四 その指定をすることによって申請に係る調査の適確かつ円滑な実施を阻害することとならないこと。

指定調査機関にも指定にあたり基準が設けられており、例えば経理的基礎および技術的能力を有すること、調査業務を実施することで不公正になる恐れがないことなどが基準としてあります。

第2節 承認調査機関第31条第32条

第4章第2節について解説します。

【第4章第2節の概要】

外国における特定認証業務の認定において調査を実施する承認調査機関の承認方法、また、承認取り消しの条件について記載しています。

【第4章第2節のポイント】

主務大臣は、第十五条第二項において準用する第六条第二項(第十五条第二項において準用する第七条第二項及び第九条第三項において準用する場合を含む。)の規定による調査(以下この節において「調査」という。)の全部又は一部を行おうとする者(外国にある事務所により行おうとする者に限る。)から申請があったときは、主務省令で定めるところにより、これを承認することができる。

第15条に記載のある外国における特定認証業務の認定の際、外国にある事務所を構える調査機関から申請があった場合は、主務大臣は主務省令と照らし合わせて申請を審査する必要があります。また、外国に事務所を構える調査機関のことを承認調査機関として定義しています。

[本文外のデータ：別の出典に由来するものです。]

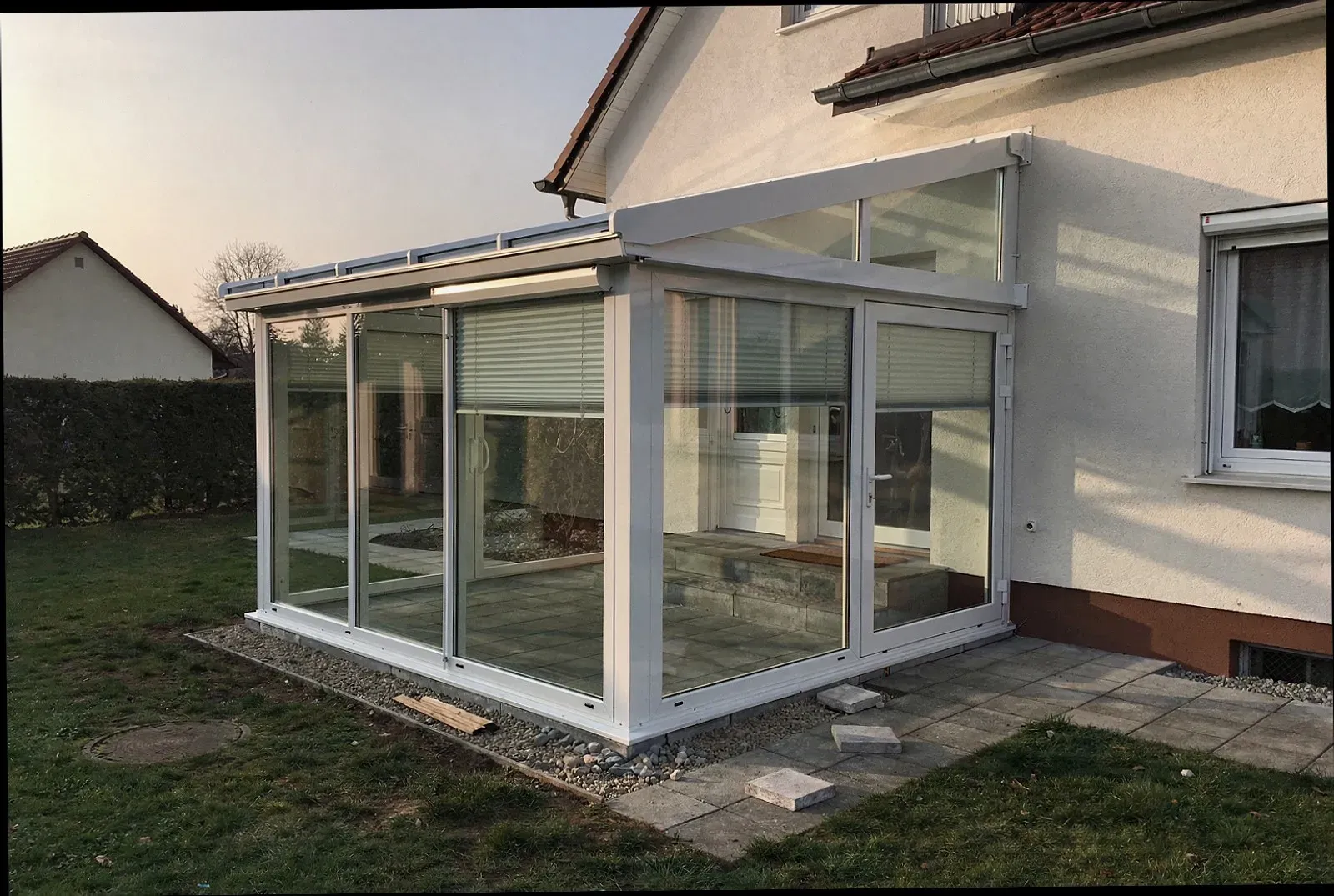 Fertig montierter Anlehn-Wintergarten in Aachen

一方で、承認調査機関の申請内容上で事務所の所在地に虚偽があるなどした場合は承認を取り消される場合がある点に注意が必要です。

第5章 雑則(第33条〜第40条)

第5章について解説します。

【第5章の概要】

第5章では特定認証業務に関する援助など、以下について記載されています。

  • 特定認証業務を実施する事業者や認証業務事業者を利用するユーザーに対して必要な情報を提供しなければいけない
  • 国は電子署名に関する情報を公開し、国民の理解を得る努力義務がある
  • 主務大臣は認定認証事業者に対して、業務報告をさせる、立ち入り検査をする権利がある
  • 認定認証を受けるために指定調査機関による調査を受ける場合は、調査手数料を納める必要がある
  • 国家公安委員会は主務大臣に対して必要に応じて要請をする権利がある

【第5章のポイント】

主務大臣は、特定認証業務に関する認定の制度の円滑な実施を図るため、電子署名及び認証業務に係る技術の評価に関する調査及び研究を行うとともに、特定認証業務を行う者及びその利用者に対し必要な情報の提供、助言その他の援助を行うよう努めなければならない。

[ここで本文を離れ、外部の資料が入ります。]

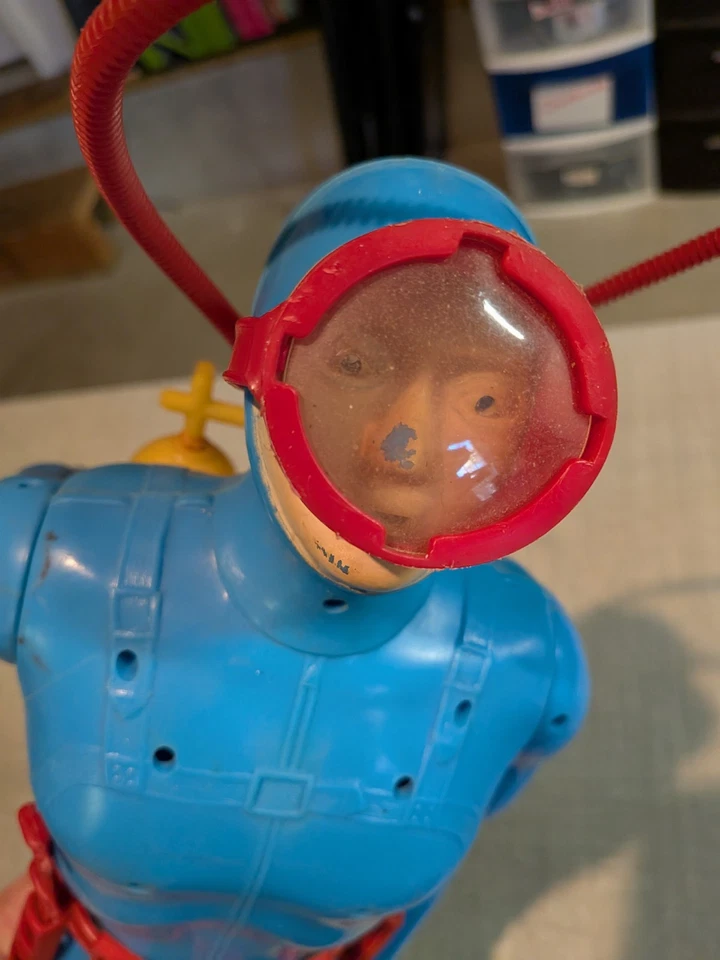 Vintage 1961 Remco Frogman Mergulhador 25” com Acessórios U.S. Navy Commando ASIS - Imagem 2 de 4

主務大臣は電子署名などに関する情報開示を国民にする義務があります。したがって、電子署名の法的有効性や政府の見解に対する不明点がある場合は、遠慮せずに公的機関に質問をしましょう。時間はかかるかもしれませんが確実に返答があるはずです。

第6章 罰則(第41条〜第47条)

第6章について解説します。

【第6章の概要】

第6章では電子署名法において虚偽の申請や規程違反をした場合の具体的な罰則内容について記載しています

例えば、認定認証事業者の申し込みに際して虚偽の内容で申請をした場合、三年以下の懲役または二百万円以下の罰金に処する等の罰則が細かく記載されています。

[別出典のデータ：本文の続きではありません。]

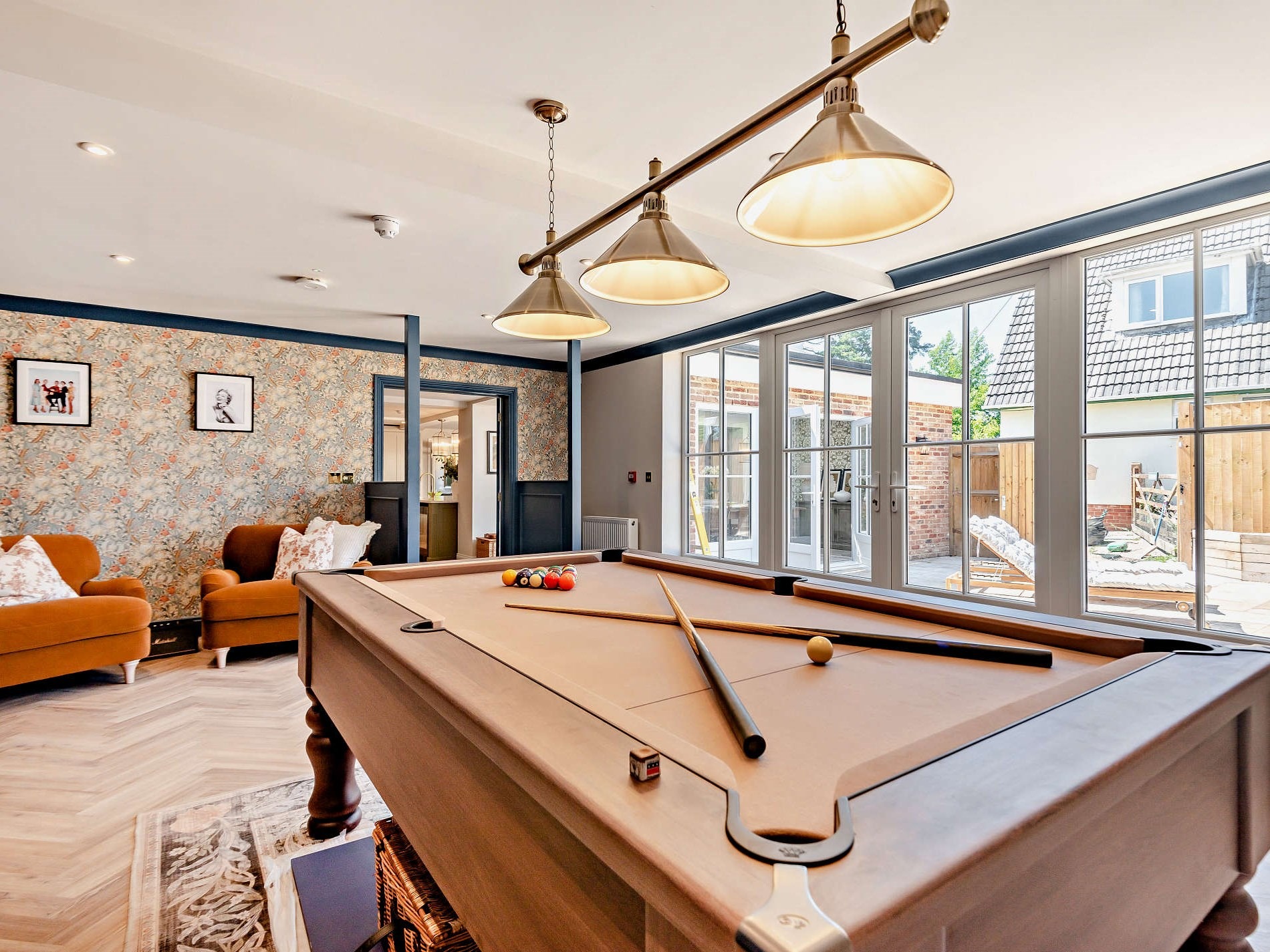 Golden Woods Retreat - Enchanting Forest Trails & Luxurious Comfort - photo 4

まとめ|基礎となる法令を理解して法的要件に対応しよう!

2021/9現在では電子署名法は47条で構成されており、かつ、普段読み慣れない用語で記載されているため、読みづらさを感じる方も多いです。

しかし、電子署名法を理解することで電子署名を活用した電子契約サービスや公的機関による電子署名など各種サービスの法的有効性を理解できます。したがって、電子署名を活用するユーザーは必読といえるでしょう。

電子署名を活用した事業者でない限り、読むべき箇所は第2条と第3条のみですので、一読をおすすめします。